A review by glyptodonsneeze
The Rain Before it Falls by Jonathan Coe

3.0

Conversation with my lesbian friend:

Me: "I'm reading a book about a lesbian but it's boring."
Her: "Was it written by a man?"
Me: "Yup."

Jonathan Coe's The Rotters' Club was brilliant and I was excited to read another one of his, but I'm wondering if he pulled off a stunning novel that defines an era because it rests in his lived experience; but The Rain Before It Falls, with its female protagonists, falls flat because Coe can't imagine that being a lesbian, or a woman, is all that interesting. The women in Rotters' Club (girl that the main kid has a crush on, her sister, his sister, the mom) are all portrayed in relation to the novel's men. So is The Rain Before It Falls boring because Coe thinks women are boring? Soft? That their lives are an expression of their relationships to others and banal, undefined feelings, and a sort of existential yearning that can only be fixed with penises? Maybe he does women better in other books. I don't know. I'll probably find out later, but I'm reading about the fur trade next.

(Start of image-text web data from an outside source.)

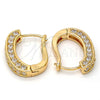 Argolla Huggie 02.217.0024.15 Oro Laminado, con Blanca Zirconia Cubica, Pulido, Tono Dorado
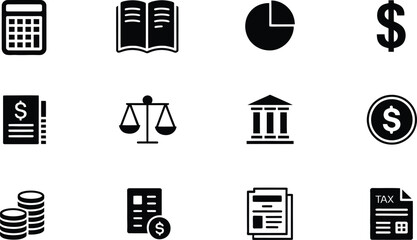 Poster - Black and White Financial Icons Calculator Book Pie Chart Dollar Sign Scales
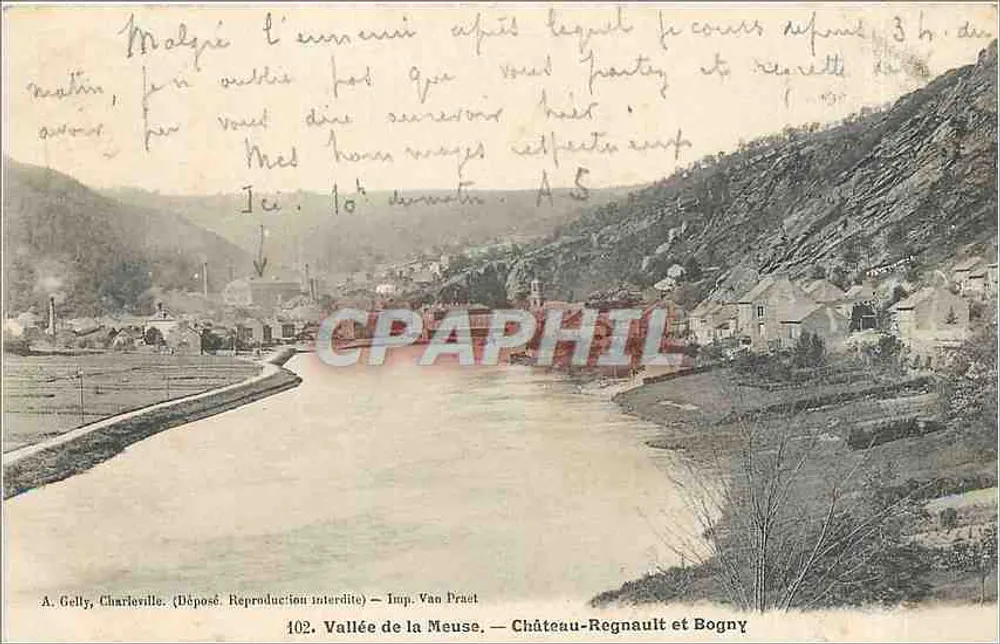 Vale do rio Meuse — Castelo de Regnault e Bogny — A. Gelly, Charleville — Imp. Van Praet - Frente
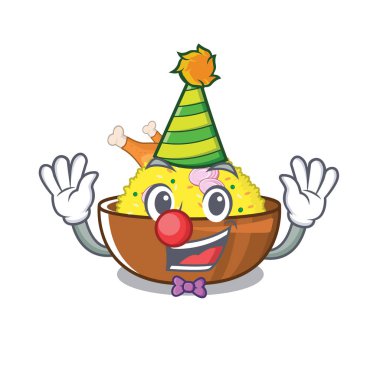 Karikatür şeklinde palyaço tavuk biryani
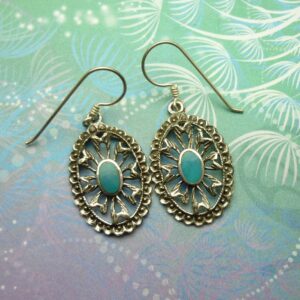 Vintage Sterling Silver Earrings with Turquoise, Unworn Hallmarked Jewelry, Lightweight Silver Earrings, Gift for Her Boho Style Accessories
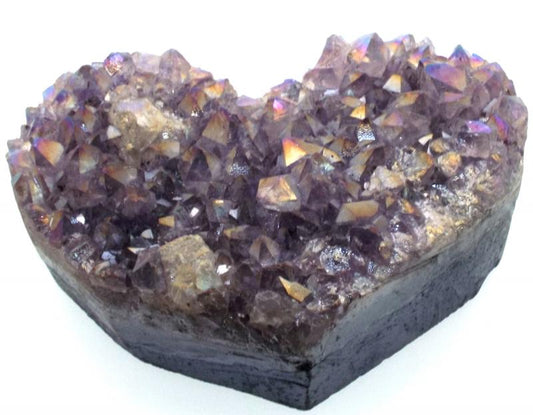 Amethyst Aura Gemstone Cluster Heart Specimen 08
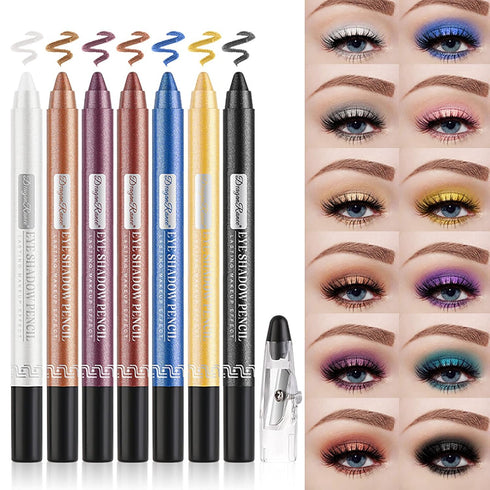 Petansy Cream Eyeshadow stick Eye Set, 12Pcs Colored Glitter Eyeshadow Stick Eyeliner Pencil, Long Lasting Waterproof Pearlescent Eyeshadow Eye Ma...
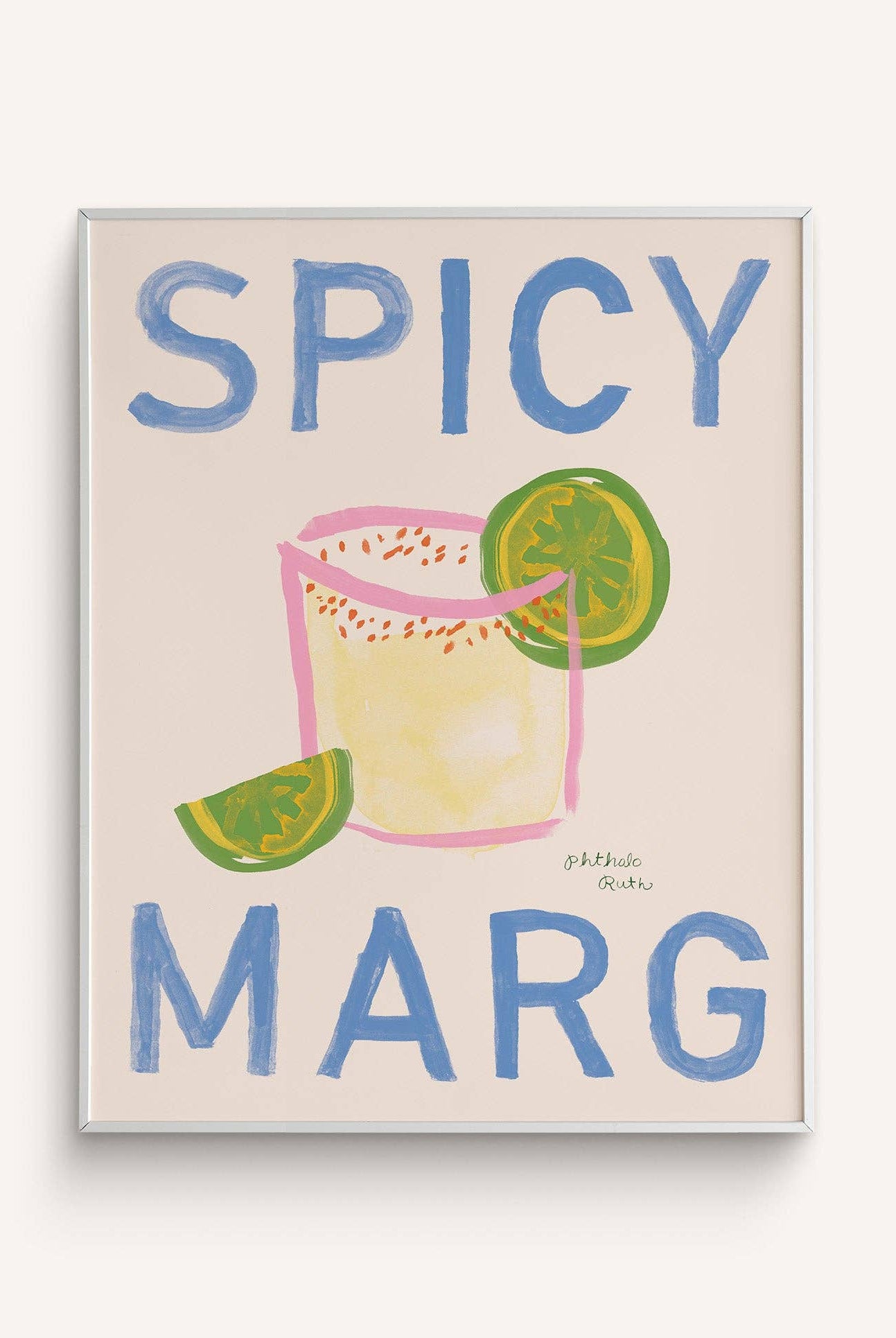 A colorful art print with the text 'SPICY MARG' at the top, depicting a painted margarita glass with a lime wedge on a beige background.
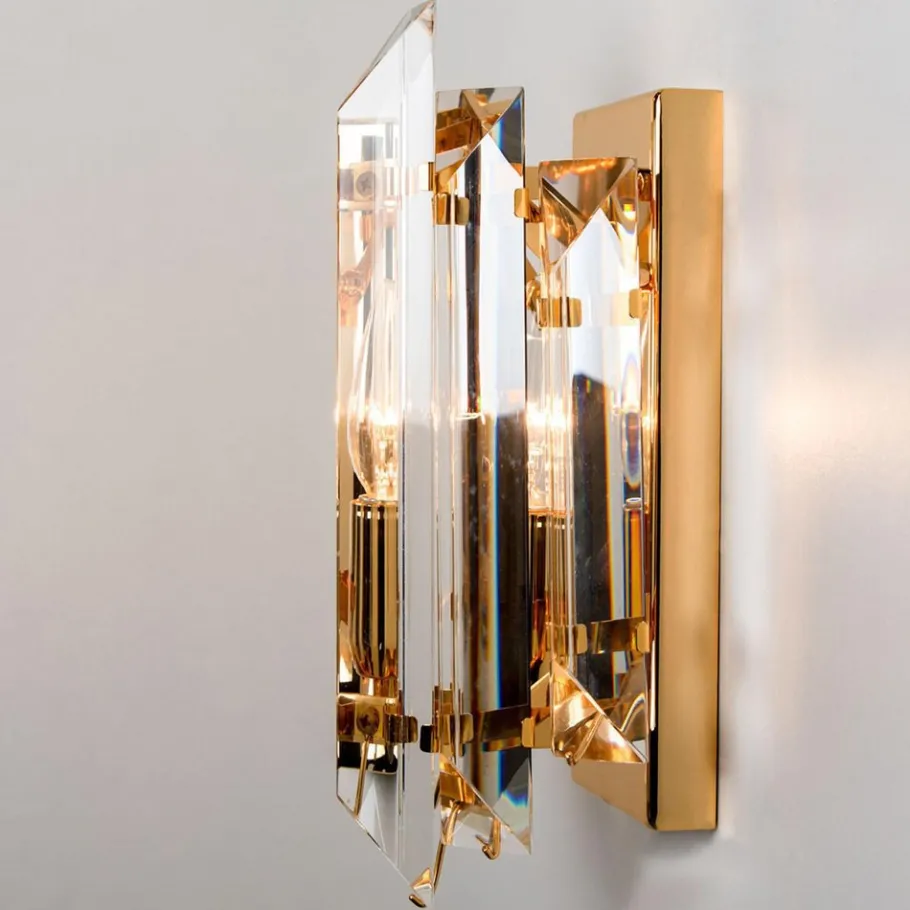 Online Pamono Clear Gold Glass Brass Sconces in the style of Venini, 1970s, Set of 2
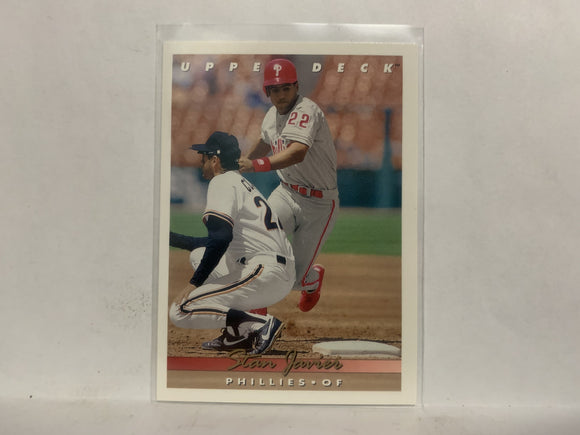 #249 Stan Javier Philadelphia Phillies 1992 Upper Deck Baseball Card NB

Gill's aunt Rosamond dies and leaves four cassette tapes and clear instructions that they be given to a person named Imogen that Gill met once at a family party in the '80s. Unable to find Imogen, Gill listens to the tapes herself and hears the tragic story of three generations of Rosamond's aunt's (Gill's great aunt's) family and Imogen herself. My main problem with this book is with the narrative device. The most erudite person in the world doesn't talk into a tape recorder this way. Rosamond would make it clear that she was describing a photograph into a microphone and begin speaking in the voice of a novel written in the third person, Jonathan Coe. Had there been a line, "Imogen, I wrote this history of your family and am reading it into a tape recorder because you're blind," or if Rosamond just spoke extemporaneously like a person talking into a tape recorder, this book would have been much more plausible. Beyond that, Rosamond's story is reasonably sad, her cousin Beatrix's story is quite sad, her niece Thea's story is unbearably sad, and Imogen's story is tragic beyond all imagining, but the framing devices* temper the drama and make the story dry.

*Beatrix, Thea, and Imogen's story is mediated by Rosamond, who is mediating things through a narrow narrative device of describing photographs into a tape recorder, and all this is mediated by Gill, who's kind of boring.